El Dr. John, un gran teólogo, descubrió que la bendición de Dios es causativa, porque Su causa es bendecirnos. La maldición no es Su causa, sin embargo, es lo que sucede cuando alguien se sale de la bendición.
Por ejemplo, el hijo pródigo estaba en su casa rodeado de comodidades, riquezas, sirvientes, buena ropa, comida, un buen padre y un hermano. Mas un día le pidió a su padre todos los bienes, y se fue. Todo lo que le había sido dado lo malgastó con rameras, y finalmente terminó comiendo algarrobas con los cerdos.
Él vivía en la bendición, y ¿quién lo maldijo? ¿El padre? Por supuesto que no. Él se maldijo a sí mismo. Cuando decidió regresar, comprendió cómo era el corazón de su padre que estaba esperándolo para restaurarlo. 
Dios no necesita que nos enfermemos para sanarnos, sino estaríamos dando crédito a que Dios maldice. El libro de Gálatas dice que Dios nos redimió de toda la maldición de la ley.  Él no está obligado a hacer el mal, pero sí a permitirlo si uno activa la maldición. Esto no es para tener miedo, sino para ser consciente de lo que es la maldición.
Si dejamos entrar la maldición a nuestra vida, Dios se verá obligado a permitirle pasar también. Si creemos que la vejez es para nosotros, envejeceremos. Si creemos que las enfermedades son para nosotros, enfermaremos, Él las dejará pasar. Lo mismo sucede con la pobreza. No podemos dejar nada malo en nosotros, porque de esta forma trasmitiremos una herencia de maldición a toda nuestra descendencia.

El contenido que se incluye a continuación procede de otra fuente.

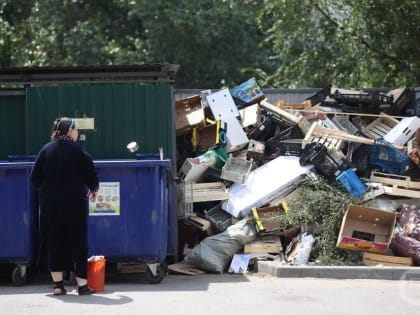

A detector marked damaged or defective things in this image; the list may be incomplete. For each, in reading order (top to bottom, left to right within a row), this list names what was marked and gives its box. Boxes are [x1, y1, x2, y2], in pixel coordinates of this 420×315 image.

rusty metal panel [26, 84, 175, 159]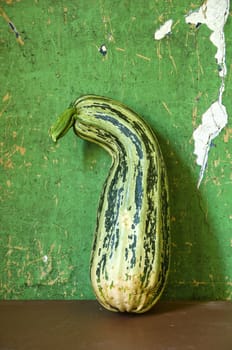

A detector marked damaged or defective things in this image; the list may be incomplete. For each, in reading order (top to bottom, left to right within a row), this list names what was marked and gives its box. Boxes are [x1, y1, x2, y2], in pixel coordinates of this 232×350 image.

chipped paint [154, 19, 172, 40]
chipped paint [185, 0, 230, 187]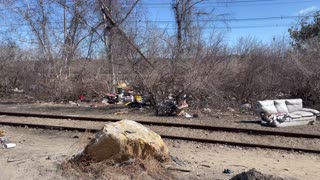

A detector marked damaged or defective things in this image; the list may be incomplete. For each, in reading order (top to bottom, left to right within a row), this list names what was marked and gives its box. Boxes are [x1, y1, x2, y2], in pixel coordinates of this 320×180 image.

rusted metal [0, 110, 320, 139]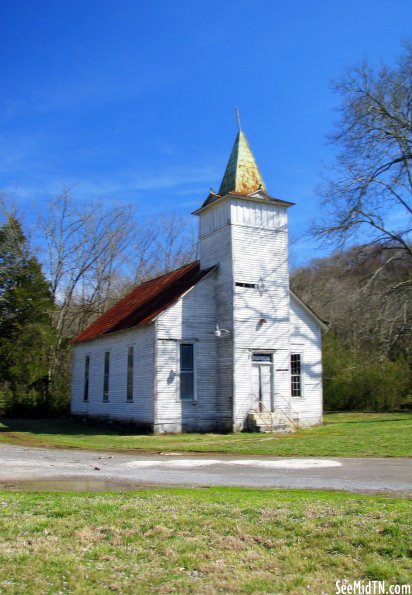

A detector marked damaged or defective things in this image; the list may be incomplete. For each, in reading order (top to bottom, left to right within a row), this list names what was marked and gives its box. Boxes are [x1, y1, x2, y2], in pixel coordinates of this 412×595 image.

Adán y Eva fueron engañados en el subconsciente, y es allí donde está el problema. Hay padres que enseñan a sus hijos a enfermarse y le dicen: “Abrígate, que te vas a enfermar”. Sin querer lo está maldiciendo. Cuando le hablamos a un niño, y pensamos que en el consciente no entiende, en su subconsciente se está haciendo un registro de ese mensaje. El diablo le enseñó todo a Adán, paso a paso, porque ya no tenía comunión con Dios.

Todos, antes de conocer a Cristo, subconscientemente creíamos que para ser felices teníamos que trabajar duro, y al mismo tiempo, que el trabajo envejece. Pero en la simbología bíblica, la Iglesia de Jesucristo es como el águila, y ella rejuvenece. Debemos limpiar el subconsciente, ¿y cómo lo logramos? Con la Palabra de Dios:
“Pero acontecerá, si no oyeres la voz de Jehová tu Dios, para procurar cumplir todos sus mandamientos y sus estatutos que yo te intimo hoy, que vendrán sobre ti todas estas maldiciones, y te alcanzarán” (Deuteronomio 28:15).